**What needs to be done**
What is needed is an exact copy of every entry.

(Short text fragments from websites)
########################################
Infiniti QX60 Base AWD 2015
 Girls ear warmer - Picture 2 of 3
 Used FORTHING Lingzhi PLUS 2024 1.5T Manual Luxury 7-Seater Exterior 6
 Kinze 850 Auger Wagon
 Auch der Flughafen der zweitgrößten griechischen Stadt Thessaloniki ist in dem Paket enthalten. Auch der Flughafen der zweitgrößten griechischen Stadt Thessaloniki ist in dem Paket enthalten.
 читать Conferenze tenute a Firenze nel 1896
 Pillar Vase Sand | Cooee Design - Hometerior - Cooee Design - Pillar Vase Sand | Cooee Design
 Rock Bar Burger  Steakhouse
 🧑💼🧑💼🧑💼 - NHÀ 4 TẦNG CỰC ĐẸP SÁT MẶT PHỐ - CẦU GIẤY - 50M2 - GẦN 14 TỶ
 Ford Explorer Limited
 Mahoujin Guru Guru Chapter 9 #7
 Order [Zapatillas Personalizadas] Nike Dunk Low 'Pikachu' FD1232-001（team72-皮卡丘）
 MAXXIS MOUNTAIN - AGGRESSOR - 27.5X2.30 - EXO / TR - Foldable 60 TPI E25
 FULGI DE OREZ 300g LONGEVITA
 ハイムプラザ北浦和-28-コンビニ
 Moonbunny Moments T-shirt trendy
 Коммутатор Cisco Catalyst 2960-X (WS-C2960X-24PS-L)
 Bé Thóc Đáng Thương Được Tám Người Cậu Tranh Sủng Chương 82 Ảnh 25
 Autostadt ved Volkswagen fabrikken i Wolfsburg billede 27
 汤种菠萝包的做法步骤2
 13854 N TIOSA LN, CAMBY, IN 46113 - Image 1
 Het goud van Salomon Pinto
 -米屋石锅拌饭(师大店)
########################################
**Response to the exercise**
Infiniti QX60 Base AWD 2015
 Girls ear warmer - Picture 2 of 3
 Used FORTHING Lingzhi PLUS 2024 1.5T Manual Luxury 7-Seater Exterior 6
 Kinze 850 Auger Wagon
 Auch der Flughafen der zweitgrößten griechischen Stadt Thessaloniki ist in dem Paket enthalten. Auch der Flughafen der zweitgrößten griechischen Stadt Thessaloniki ist in dem Paket enthalten.
 читать Conferenze tenute a Firenze nel 1896
 Pillar Vase Sand | Cooee Design - Hometerior - Cooee Design - Pillar Vase Sand | Cooee Design
 Rock Bar Burger  Steakhouse
 🧑💼🧑💼🧑💼 - NHÀ 4 TẦNG CỰC ĐẸP SÁT MẶT PHỐ - CẦU GIẤY - 50M2 - GẦN 14 TỶ
 Ford Explorer Limited
 Mahoujin Guru Guru Chapter 9 #7
 Order [Zapatillas Personalizadas] Nike Dunk Low 'Pikachu' FD1232-001（team72-皮卡丘）
 MAXXIS MOUNTAIN - AGGRESSOR - 27.5X2.30 - EXO / TR - Foldable 60 TPI E25
 FULGI DE OREZ 300g LONGEVITA
 ハイムプラザ北浦和-28-コンビニ
 Moonbunny Moments T-shirt trendy
 Коммутатор Cisco Catalyst 2960-X (WS-C2960X-24PS-L)
 Bé Thóc Đáng Thương Được Tám Người Cậu Tranh Sủng Chương 82 Ảnh 25
 Autostadt ved Volkswagen fabrikken i Wolfsburg billede 27
 汤种菠萝包的做法步骤2
 13854 N TIOSA LN, CAMBY, IN 46113 - Image 1
 Het goud van Salomon Pinto
 -米屋石锅拌饭(师大店)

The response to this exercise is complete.